Tucson AMA Goal

The Tucson Active Management Area (TAMA) has a statutory goal of achieving safe-yield by 2025. Safe-yield is a groundwater management goal which attempts to achieve and thereafter maintain a long-term balance between the amount of groundwater withdrawn in an Active Management Area and the annual amount of natural and artificial recharge in the Active Management Area A.R.S. § 45-561(12). The safe-yield goal is a basin-wide balance. Under current groundwater rules, pumping from one location in the AMA can be offset by recharging a volume of water at another location.

AMA Description

The Tucson AMA covers 3,866 square miles in southern Arizona. It is one of five AMAs established pursuant to the 1980 Groundwater Management Act and administered by the Arizona Department of Water Resources.

The Tucson AMA is in the basin and range physiographic province which is characterized by broad, gently sloping alluvial basins separated by north to northwest trending fault block mountains. There are two groundwater sub-basins in the AMA, the Avra Valley Sub-basin and the Upper Santa Cruz Subbasin.

The AMA includes portions of Pima, Pinal and Santa Cruz counties, and five incorporated cities and towns: Tucson, South Tucson, Oro Valley, Marana, and Sahuarita. The Pascua Yaqui tribal lands, part of the Schuk Toak District, and the entire San Xavier District of the Tohono O'odham Nation are within the AMA. ADWR estimates the 2015 population of the Tucson AMA was about one million people.

The original boundaries of the Tucson AMA included what is now the Santa Cruz AMA, which was created in 1994.

AMA Challenges

Meeting and Maintaining the Safe-Yield Goal

During the second and third management periods, significant actions were taken toward reaching safe-yield, including the establishment of the Arizona Water Banking Authority (AWBA) and the Assured Water Supply (AWS) Program. The Tucson AMA Assessment revealed that the Tucson AMA has been at or near the safe-yield goal in recent years. However, not all municipal uses are required to replenish or offset groundwater pumping, and the municipal sector can continue to grow, representing the potential for increased groundwater demand. Additionally, agricultural and industrial users are not required to replenish or offset groundwater pumping. All of these factors will be challenges for the Tucson AMA to meet and maintain the goal of achieving safe-yield.

Utilization of Available CAP Supplies

A past challenge has been achieving full utilization of available Central Arizona Project (CAP) supplies, including excess supplies that may only be available in the short term. Augmentation efforts continue to be a focus during the Fourth Management Period (2010-2020), in order to offset future shortages and to achieve other management objectives.
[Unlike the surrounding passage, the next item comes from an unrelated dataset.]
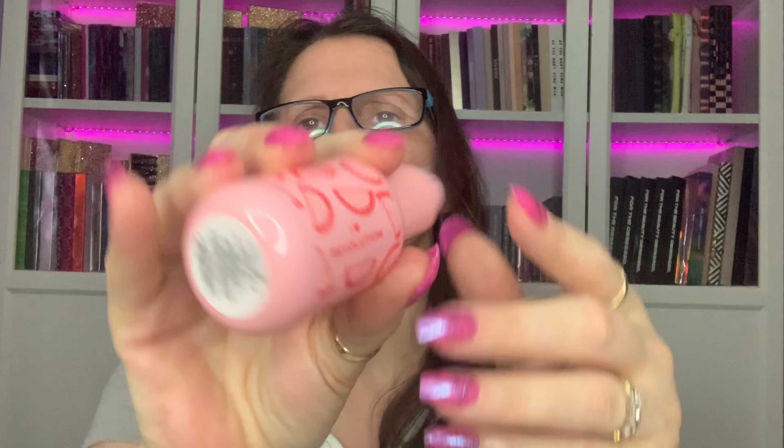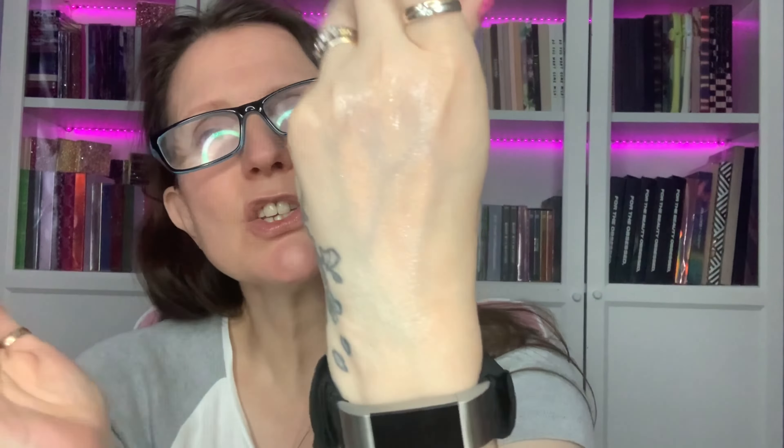I also bought this from Revolution at the same time as the cream — the Watermelon Dewy Drops Glow Serum, 50ml. It's got quite a nice consistency and a long way goes on — that was two pumps. It smells very artificial watermelon but I think it's supposed to be like a glow primer. We'll look and try it and see what it's like.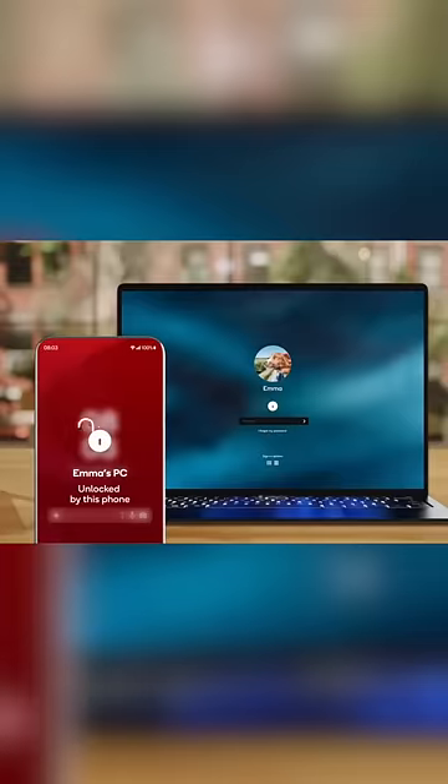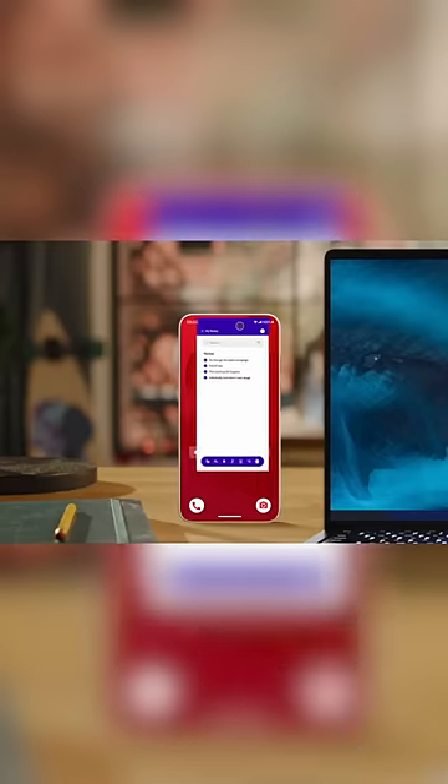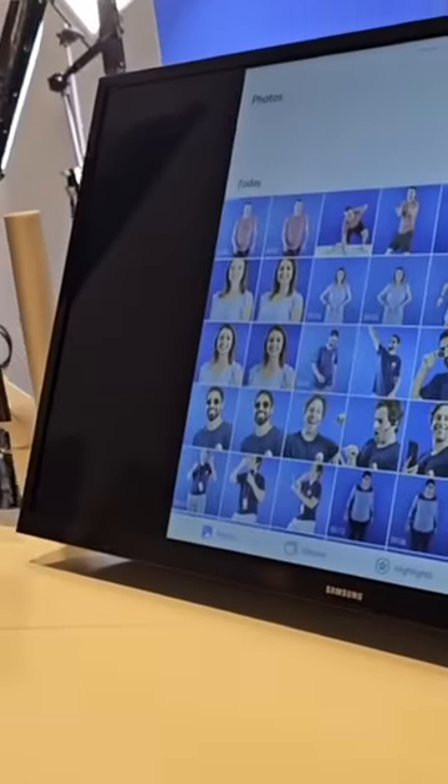One of the coolest things I saw is what Qualcomm is calling Snapdragon Seamless. It lets you work in between devices — they've got your Android phone and your Windows computer, and you can just move a mouse in between and it works really well. It's a better way for Windows and Android to talk.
CAP supplies remain the primary renewable water source for the Tucson AMA, and full utilization is imperative to allow for future growth that is consistent with achieving and maintaining safe-yield.
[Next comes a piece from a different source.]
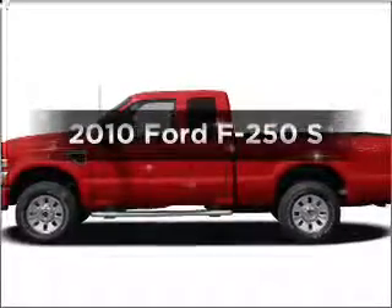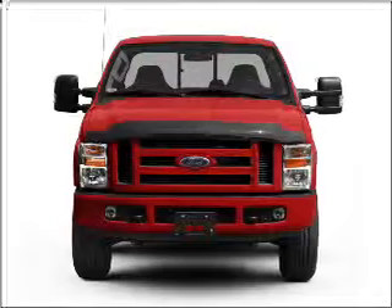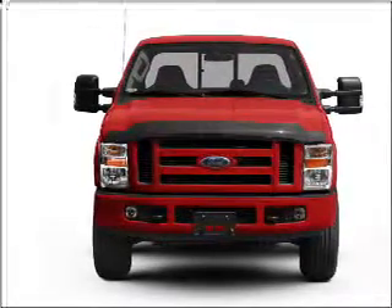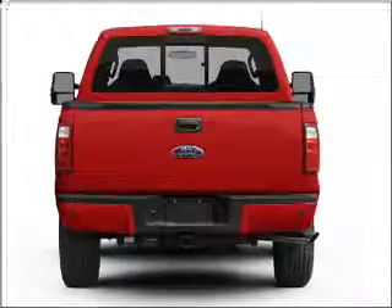Introducing the 2010 Ford F-250. If you're looking for an automobile with great attributes, look no further. With a powerful 8-cylinder engine connected to a smooth-shifting 5-speed automatic transmission.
Increased Utilization of Reclaimed Water

The Assessment identified the potential for reduced groundwater dependency in the Tucson AMA through increased direct reuse of reclaimed water. Reclaimed water represents an alternative renewable supply to CAP water that can be used to mitigate CAP shortages and protect against the impacts of drought. Developing mechanisms to maximize use of reclaimed water will be a water management focus in the Tucson AMA during the Fourth Management Period. The Department will participate with other stakeholders in future discussions regarding potential uses for reclaimed water.

Physical Availability of Groundwater Within The Tucson AMA

Physical availability of groundwater within specific geographic sub-areas of the Tucson AMA has been a challenge in the past and must continue to be addressed. While recognizing that the groundwater management goal for the Tucson AMA is defined as achieving safe-yield on an AMA-wide basis, localized water management is also desirable to fully achieve the Code’s stated policy of “protecting and stabilizing the general economy and welfare of this state and its citizens....” Localized issues such as land subsidence may arise in areas experiencing rapid or marked declines in water tables. Other localized challenges may include water quality concerns and infrastructure limitations that constrain access to renewable water supplies. The AWS Rules require applicants to prove the physical availability of groundwater in the area for which the AWS is being applied. If there is an insufficient physical availability of groundwater to meet the current, committed and projected demand for that area, an applicant would need to demonstrate other water supply sources that are physically available and meet the other AWS Rules criteria in order for an AWS determination to be issued. Recharge activities conducted by the AWBA, the Central Arizona Replenishment District (CAGRD) and others also have the potential to address local water management issues. Addressing these major challenges is an important part of the Tucson AMA’s groundwater management strategy.